» What is required
Here the job is to transcribe the data exactly while omitting the images.

» Dataset excerpt
· · ·

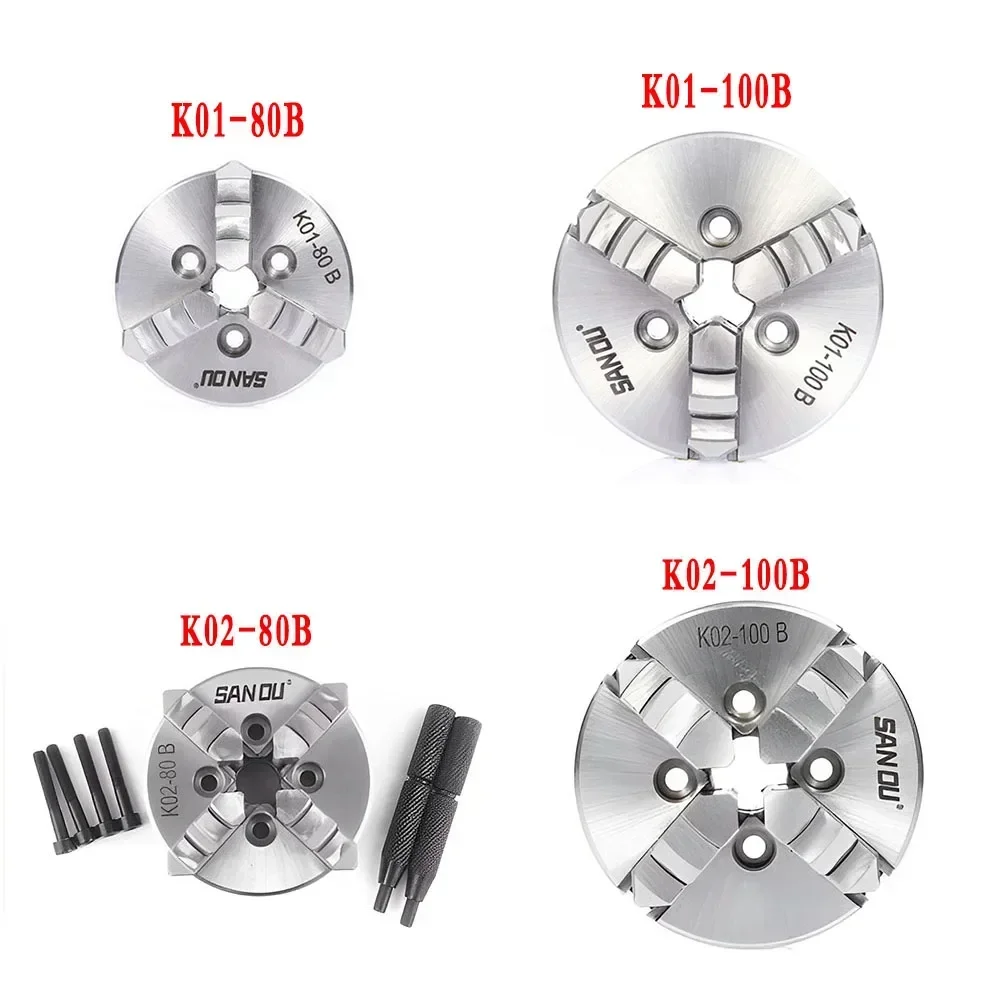 Sanou Chuck 3/4 Jaw Self-Centering K01-80B K01-100B/ K02-80B K02-100B M14*1 thread With Connecting rod for Mini DIY Wood Lathe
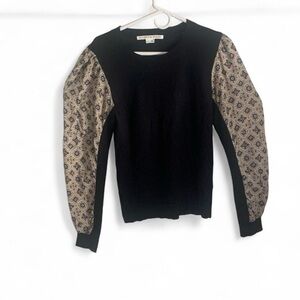 Veronica Beard Black Crewneck Sweater Balloon Sleeve L merino silk medallion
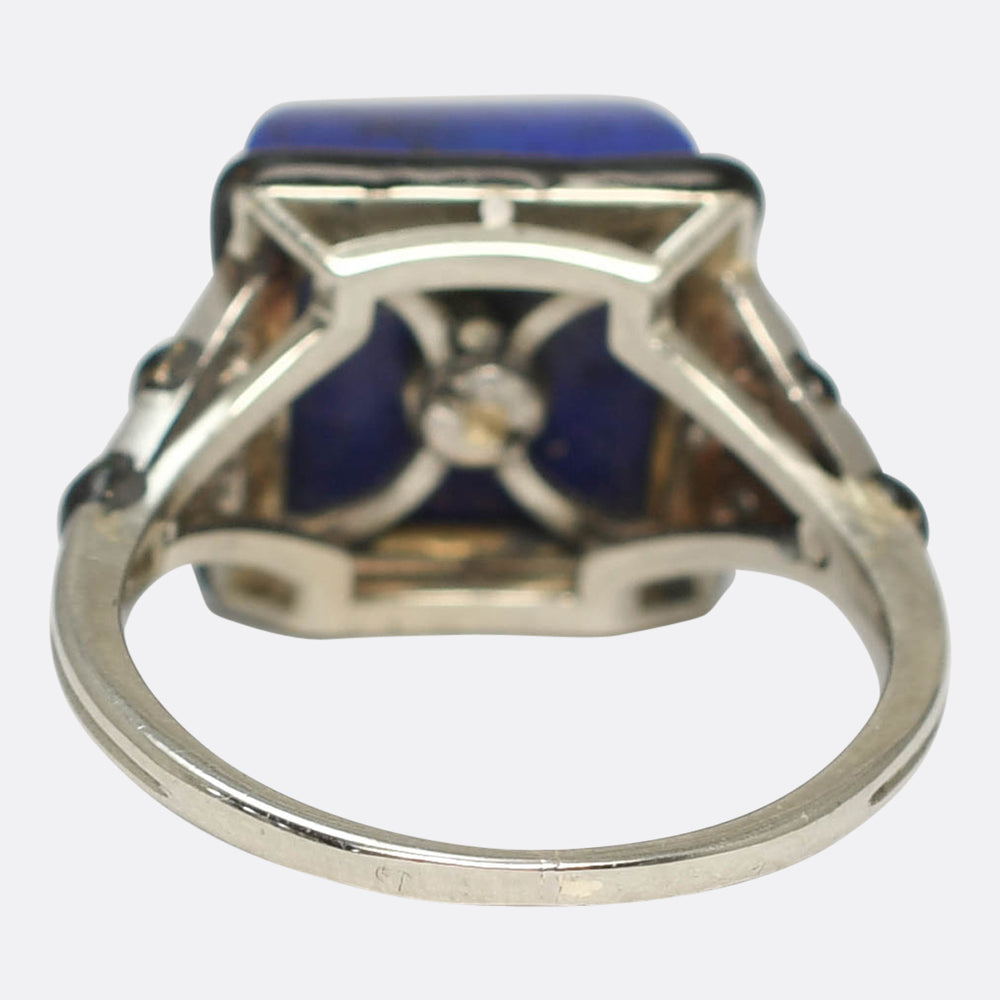 French Art Deco Sugarloaf Lapis Lazuli, Diamond & Enamel Ring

· · ·

» Your response
 Sanou Chuck 3/4 Jaw Self-Centering K01-80B K01-100B/ K02-80B K02-100B M14*1 thread With Connecting rod for Mini DIY Wood Lathe
 Veronica Beard Black Crewneck Sweater Balloon Sleeve L merino silk medallion
 French Art Deco Sugarloaf Lapis Lazuli, Diamond & Enamel Ring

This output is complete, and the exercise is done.